Regardless, Spencer's book is beautiful, thoughtful, and interesting to read. She plumbs the depths of Margaret Johnson without malice, showing the reader Margaret's hopes for Clara, but also her dreams for herself (long forgotten since Clara's time-consuming condition came about). Still attractive and vibrant, Margaret wonders how Clara's absence will change her relationship with her husband, etc.
Clara herself if presented as more of a pretty blank page; Spencer does not attempt to unravel her mind (such as it is) to us, but she does emphasize Clara's fondness for Fabriccio and her willingness/desire to marry him.
This is a short, worthwhile read. As I've mentioned before, New Stage Theatre in Jackson will produce The Light in the Piazza this season. Don't miss it!
Ok, next I read Into Thin Air. Yikes. This is a true account of a fatal expedition to the summit of Mount Everest in 1996. Jon Krakauer, a journalist and hobby mountaineer, went with a group of climbers on their quest for the summit in order to document the effort for an American publication. Due to bad weather, some poor choices, and competition between summit guide companies, four of the five teammates in his climbing group never made it back down the mountain. The book seems to be a way for Krakauer to purge some of the demons that have plagued him since Everest, but also a tangible way to factually account for how disaster struck the expedition. Krakauer takes great pains throughout the book to honor the memory of those climbers who perished during the descent.

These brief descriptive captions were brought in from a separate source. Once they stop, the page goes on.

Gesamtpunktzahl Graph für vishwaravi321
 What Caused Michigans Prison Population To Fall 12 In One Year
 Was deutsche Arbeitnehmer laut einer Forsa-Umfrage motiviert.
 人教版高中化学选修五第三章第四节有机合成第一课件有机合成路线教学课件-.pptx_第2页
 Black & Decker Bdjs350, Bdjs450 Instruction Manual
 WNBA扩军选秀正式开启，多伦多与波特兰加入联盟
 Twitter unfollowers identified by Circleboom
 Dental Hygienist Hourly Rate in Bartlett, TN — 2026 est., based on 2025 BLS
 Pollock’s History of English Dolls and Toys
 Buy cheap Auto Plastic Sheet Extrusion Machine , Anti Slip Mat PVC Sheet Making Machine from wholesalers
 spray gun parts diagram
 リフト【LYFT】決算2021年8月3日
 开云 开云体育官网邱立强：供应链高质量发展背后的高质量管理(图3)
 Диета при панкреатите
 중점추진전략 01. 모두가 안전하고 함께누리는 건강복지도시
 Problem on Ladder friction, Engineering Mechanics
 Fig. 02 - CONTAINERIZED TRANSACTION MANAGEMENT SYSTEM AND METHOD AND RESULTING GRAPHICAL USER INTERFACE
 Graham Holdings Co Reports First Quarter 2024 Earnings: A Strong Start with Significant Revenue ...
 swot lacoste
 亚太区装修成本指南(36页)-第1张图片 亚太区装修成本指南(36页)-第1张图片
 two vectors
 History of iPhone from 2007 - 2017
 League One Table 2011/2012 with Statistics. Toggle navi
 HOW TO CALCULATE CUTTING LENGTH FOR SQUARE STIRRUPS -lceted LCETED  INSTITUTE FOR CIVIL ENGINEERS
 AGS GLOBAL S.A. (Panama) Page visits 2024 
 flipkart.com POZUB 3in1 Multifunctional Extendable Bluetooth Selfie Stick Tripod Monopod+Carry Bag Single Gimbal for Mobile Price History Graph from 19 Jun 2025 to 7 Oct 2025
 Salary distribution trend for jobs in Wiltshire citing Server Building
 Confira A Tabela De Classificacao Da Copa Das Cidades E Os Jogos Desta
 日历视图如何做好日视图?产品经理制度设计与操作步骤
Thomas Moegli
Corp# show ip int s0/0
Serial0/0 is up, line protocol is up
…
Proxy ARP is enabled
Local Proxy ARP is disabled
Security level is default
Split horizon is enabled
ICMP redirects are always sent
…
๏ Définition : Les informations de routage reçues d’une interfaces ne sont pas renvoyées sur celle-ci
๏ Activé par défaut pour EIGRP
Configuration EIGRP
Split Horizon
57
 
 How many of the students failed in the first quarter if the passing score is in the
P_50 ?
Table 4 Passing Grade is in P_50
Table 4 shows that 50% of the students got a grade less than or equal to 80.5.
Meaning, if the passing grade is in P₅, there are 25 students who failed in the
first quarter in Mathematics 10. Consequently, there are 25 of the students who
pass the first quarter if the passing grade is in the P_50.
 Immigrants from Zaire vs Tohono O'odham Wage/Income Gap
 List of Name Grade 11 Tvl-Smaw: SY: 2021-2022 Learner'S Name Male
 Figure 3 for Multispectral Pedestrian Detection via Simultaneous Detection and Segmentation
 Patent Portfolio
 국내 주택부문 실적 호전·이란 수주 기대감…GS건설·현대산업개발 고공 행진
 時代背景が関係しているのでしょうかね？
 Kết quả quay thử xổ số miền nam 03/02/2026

I learned so much from this book. I never understood how risky climbing such a high peak was - the freezing cold, the unbelievably thin air, the tiny ridges which must be navigated, the crazy interdependence you must share with the other climbers on the mountain. Without bottled oxygen, most climbers would never make it to the top and back. The incredible lack of oxygen at high altitudes causes swelling in the brain, leads to fluid seepage into the lungs, etc. Combined with the freezing cold and the probability of bad weather, it's a miracle that anyone makes it up the mountain and back down in reasonably good health. The more I read this book, the more I understood how truly crazy you have to be to undertake climbing Everest.
I also found the commercialization of climbing Everest utterly mesmerizing. Experienced guides can charge clients $70,000 a pop to guide them to the summit, and competition among guides for business is cutthroat. So, in some cases, you may see guides who are taking risks to get clients to the summit because they've anted up the money AND because guides want a high success rate of getting clients to the top. (A success rate they can later emphasize in order to drum up new business.) This would all be capitalism as usual, of course, if getting to the top of the mountain wasn't such a risk of life and limb. Krakauer mentions on more than one occasion that one could frequently see corpses on one's way up (or down) the mountain, a sad fact of how dangerous the endeavor can be.
Although this book isn't a pleasure to read, the story is gripping and true. Krakauer goes to great pains to demonstrate the veracity of his account, with footnotes and a lengthy response to those who have criticized his documentation of events. At heart, the man is a journalist, and he fact-checks via exhaustive interviews with other climbers on the mountain and cites from interviews individuals have granted to other outlets to bolster his account.
I found it a fascinating tale of one of the deadliest seasons the mountain has ever seen. Not to be missed.